:: Task requirements ::
Write out every line exactly, from the first line of the records below through the line that contains "A edição de".
##### Listed entries
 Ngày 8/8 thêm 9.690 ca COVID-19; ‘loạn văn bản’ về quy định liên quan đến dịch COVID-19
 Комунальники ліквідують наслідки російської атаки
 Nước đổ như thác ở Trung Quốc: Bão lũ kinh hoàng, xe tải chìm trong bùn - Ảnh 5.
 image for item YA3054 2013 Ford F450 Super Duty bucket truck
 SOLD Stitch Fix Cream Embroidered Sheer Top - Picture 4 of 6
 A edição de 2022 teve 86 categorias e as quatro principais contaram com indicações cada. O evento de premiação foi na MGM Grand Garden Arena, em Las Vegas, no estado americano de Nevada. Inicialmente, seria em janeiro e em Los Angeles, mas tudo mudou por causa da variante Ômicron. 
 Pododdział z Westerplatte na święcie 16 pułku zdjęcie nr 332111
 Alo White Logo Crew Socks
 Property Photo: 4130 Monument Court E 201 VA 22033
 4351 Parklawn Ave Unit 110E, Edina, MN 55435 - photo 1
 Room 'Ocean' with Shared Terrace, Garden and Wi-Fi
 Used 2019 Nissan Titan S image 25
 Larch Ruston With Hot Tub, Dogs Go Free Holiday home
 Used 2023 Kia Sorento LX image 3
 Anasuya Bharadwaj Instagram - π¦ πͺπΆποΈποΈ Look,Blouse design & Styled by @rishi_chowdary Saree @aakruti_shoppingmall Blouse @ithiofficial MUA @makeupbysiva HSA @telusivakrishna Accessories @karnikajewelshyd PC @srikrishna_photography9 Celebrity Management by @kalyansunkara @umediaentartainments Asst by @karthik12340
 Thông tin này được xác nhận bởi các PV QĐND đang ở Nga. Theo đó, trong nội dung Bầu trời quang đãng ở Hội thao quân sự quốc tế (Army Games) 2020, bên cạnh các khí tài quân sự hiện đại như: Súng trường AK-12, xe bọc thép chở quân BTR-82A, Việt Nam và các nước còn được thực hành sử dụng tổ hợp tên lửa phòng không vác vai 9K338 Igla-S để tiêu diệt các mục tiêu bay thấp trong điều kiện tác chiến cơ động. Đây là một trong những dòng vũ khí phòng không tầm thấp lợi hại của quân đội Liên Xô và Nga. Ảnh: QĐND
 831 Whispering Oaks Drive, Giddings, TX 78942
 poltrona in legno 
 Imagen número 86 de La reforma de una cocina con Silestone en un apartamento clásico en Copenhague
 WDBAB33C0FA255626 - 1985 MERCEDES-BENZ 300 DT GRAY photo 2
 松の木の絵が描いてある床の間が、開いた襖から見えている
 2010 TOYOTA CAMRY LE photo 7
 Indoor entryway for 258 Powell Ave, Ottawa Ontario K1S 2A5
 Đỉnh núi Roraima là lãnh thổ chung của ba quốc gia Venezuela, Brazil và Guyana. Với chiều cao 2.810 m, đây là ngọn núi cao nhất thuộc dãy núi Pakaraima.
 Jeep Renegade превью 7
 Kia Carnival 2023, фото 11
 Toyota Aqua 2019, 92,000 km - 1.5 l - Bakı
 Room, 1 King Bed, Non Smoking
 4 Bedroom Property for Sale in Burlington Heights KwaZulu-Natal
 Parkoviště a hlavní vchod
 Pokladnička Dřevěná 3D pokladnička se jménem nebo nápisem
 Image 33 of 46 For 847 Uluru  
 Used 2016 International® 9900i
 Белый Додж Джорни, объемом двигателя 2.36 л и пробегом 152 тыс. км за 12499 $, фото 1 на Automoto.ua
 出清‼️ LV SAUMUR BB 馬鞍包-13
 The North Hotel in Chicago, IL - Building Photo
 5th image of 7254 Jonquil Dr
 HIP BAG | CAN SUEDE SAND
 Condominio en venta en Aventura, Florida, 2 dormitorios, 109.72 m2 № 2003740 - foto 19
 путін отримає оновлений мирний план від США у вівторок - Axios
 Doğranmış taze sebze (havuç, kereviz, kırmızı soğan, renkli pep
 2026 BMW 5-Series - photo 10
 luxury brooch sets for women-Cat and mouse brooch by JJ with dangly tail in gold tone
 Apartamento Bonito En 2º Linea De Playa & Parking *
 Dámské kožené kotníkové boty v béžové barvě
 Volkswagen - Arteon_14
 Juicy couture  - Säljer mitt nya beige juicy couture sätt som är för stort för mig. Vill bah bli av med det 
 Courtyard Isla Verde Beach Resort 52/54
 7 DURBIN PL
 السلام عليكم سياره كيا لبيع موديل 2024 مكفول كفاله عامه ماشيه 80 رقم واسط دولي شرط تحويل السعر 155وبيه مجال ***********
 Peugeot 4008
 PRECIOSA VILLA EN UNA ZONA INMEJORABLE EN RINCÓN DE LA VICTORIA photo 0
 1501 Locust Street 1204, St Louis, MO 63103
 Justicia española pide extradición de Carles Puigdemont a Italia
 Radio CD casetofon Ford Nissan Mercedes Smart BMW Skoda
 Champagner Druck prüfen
##########
:: Solution for this exercise ::
 Ngày 8/8 thêm 9.690 ca COVID-19; ‘loạn văn bản’ về quy định liên quan đến dịch COVID-19
 Комунальники ліквідують наслідки російської атаки
 Nước đổ như thác ở Trung Quốc: Bão lũ kinh hoàng, xe tải chìm trong bùn - Ảnh 5.
 image for item YA3054 2013 Ford F450 Super Duty bucket truck
 SOLD Stitch Fix Cream Embroidered Sheer Top - Picture 4 of 6
 A edição de 2022 teve 86 categorias e as quatro principais contaram com indicações cada. O evento de premiação foi na MGM Grand Garden Arena, em Las Vegas, no estado americano de Nevada. Inicialmente, seria em janeiro e em Los Angeles, mas tudo mudou por causa da variante Ômicron. 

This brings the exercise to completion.